X and Y are two different integers, greater than 1, with sum less than 100. S and P are two mathematicians; S knows the sum X+Y, P knows the product X*Y, and both know the information in these two sentences. The following conversation occurs.

  • P says "I cannot find these numbers."
  • S says "I was sure that you could not find them. I cannot find them either."
  • P says "Then, I found these numbers."
  • S says "If you could find them, then I also found them."

What are these numbers?

Solution[edit]

The solution has X and Y as 4 and 13 (or vice versa), with P initially knowing the product is 52 and S knowing the sum is 17.
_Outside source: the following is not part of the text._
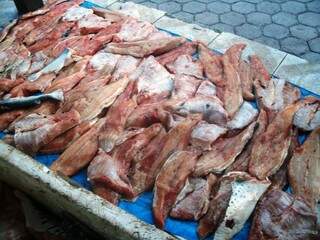 No total foram 1.085 quilos de peixes apreendidos. (Foto: divulgação/Polícia)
Initially P does not know the solution, since

52 = 4 × 13 = 2 × 26

and S knows that P does not know the solution since all the possible sums to 17 within the constraints produce similarly ambiguous products. However, each can work out the solution by eliminating other possibilities following the other's statements and that is enough for the reader to find the solution given the constraints.

Detailed Solution[edit]

Mathematician P

P knows p=52. P suspects (2,26) and (4,13). P knows s=28 or s=17.

If s=28:

S would suspect (2,26), (3,25), (4,24), (5,23), (6,22), (7,21), (8,20), (9,19), (10,18), (11,17), (12,16), and (13,15).
S would know if (5,23) or (11,17), P would know the numbers.
S would not be able to say "I was sure that you could not find them."

If s=17:

S would suspect (2,15), (3,14), (4,13), (5,12), (6,11), (7,10), and (8,9).
S would know that P would not know the numbers.
S would be able to say "I was sure that you could not find them."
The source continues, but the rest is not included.